Guillermo Del Toro revisite la fin de Frankenstein : évolution d’une tragédie culte de l’horreur

Image d'illustration. FrankensteinNetflix / PR-ADN
L’adaptation de Frankenstein par Guillermo Del Toro propose une relecture du chef-d’œuvre horrifique, dévoilant une conclusion repensée. Ce final explore l’évolution du mythe et la manière dont Del Toro revisite les thèmes tragiques du récit original.
Tl;dr
- Del Toro adapte Frankenstein en explorant la paternité toxique.
- Le monstre devient plus innocent, la fin plus optimiste.
- Réconciliation et pardon remplacent la tragédie du roman original.
Un nouveau regard sur Frankenstein signé del Toro
Voilà un film qui risque de dérouter les inconditionnels du roman gothique de Mary Shelley. Dans son adaptation très personnelle, Guillermo del Toro revisite le mythe de Frankenstein en y insufflant une dimension profondément autobiographique, tout en bouleversant nombre d’éléments centraux. À l’écran, le docteur Frankenstein — incarné par Oscar Isaac — n’est plus seulement un scientifique dépassé par sa création : il porte désormais les stigmates d’une enfance marquée par la maltraitance paternelle.
Paternité toxique et filiation réinventée
Ce point de départ n’est pas anodin. Dans une récente intervention lors du Toronto International Film Festival, Guillermo del Toro expliquait vouloir faire du film une œuvre « aussi douloureuse et aussi personnelle pour moi qu’elle le fut pour [Shelley] ». On devine ici l’écho aux blessures de l’autrice, dont la propre vie fut marquée par le deuil maternel et l’abandon paternel. Chez Shelley comme chez del Toro, le cœur du récit bat autour de la relation père-enfant : négligence, absence, mais aussi espoir ténu d’une réconciliation.
En replaçant ce drame familial au centre de son adaptation, le cinéaste mexicain fait du docteur Frankenstein un « père indigne » qui reproduit à son tour les violences subies. Il ne fuit plus sa créature par peur, mais par dégoût égoïste ; il l’enchaîne, l’humilie, tente même de la brûler — autant d’actes soulignant la mécanique tragique des cycles d’abus.
L’humanité retrouvée du monstre
Toutefois, là où le roman mettait lentement à nu la sensibilité de la créature, del Toro choisit d’en faire dès le départ un être touchant par son innocence — presque enfantin sous les traits de Jacob Elordi. Ce choix radical retire certes au personnage une part de sa complexité originelle, mais recentre le propos : c’est bien le docteur qui demeure la figure la plus tourmentée, celle dont le parcours moral intrigue.

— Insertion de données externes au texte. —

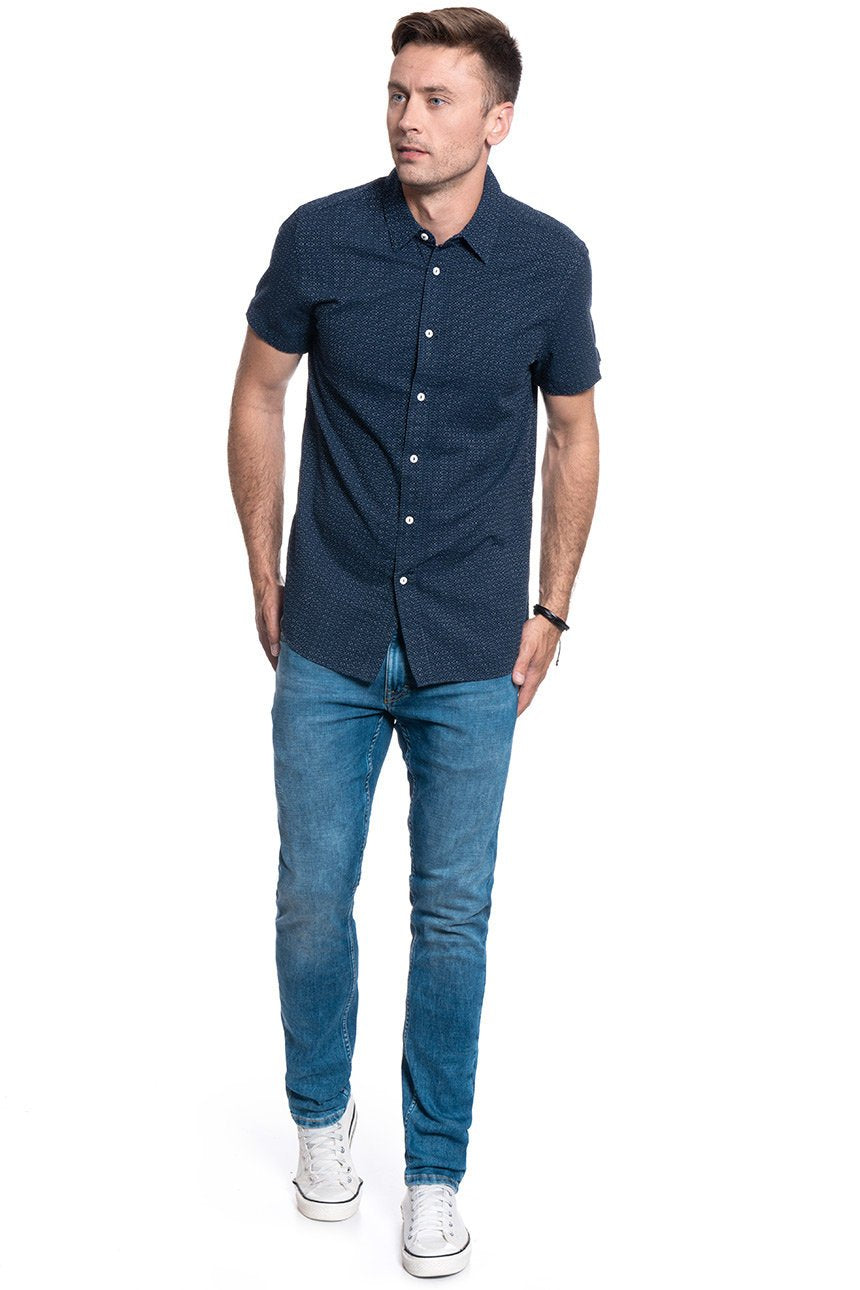 MĘSKA KOSZULA MATERIAŁOWA MUSTANG COLLIN DOBBY SHIRT 1009828 4136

La question centrale n’est plus tant « peut-on pardonner au monstre ses crimes ? » (il en commet peu ici) que « le père indigne peut-il se racheter ? ». D’ailleurs, voici ce que propose réellement cette nouvelle version :
- Pardon : Un geste sincère du docteur envers sa création.
- Soulagement : Le monstre obtient enfin une forme de paix intérieure.
- Espoir collectif : L’équipage d’Anderson accepte son aide pour survivre.
Quand l’apaisement remplace la tragédie
Dans ses dernières minutes, le film offre ce que ni Shelley ni les adaptations précédentes n’avaient osé : une issue empreinte d’apaisement. Le monstre n’est plus condamné à l’exil ou à l’autodestruction ; il découvre une chaleur humaine inattendue et sauve ceux qui croyaient devoir se méfier de lui. Au fond, après deux siècles passés dans un cycle narratif désespéré, cette créature trouve enfin un avenir possible — preuve que certains récits méritaient bien une réinvention à hauteur d’homme.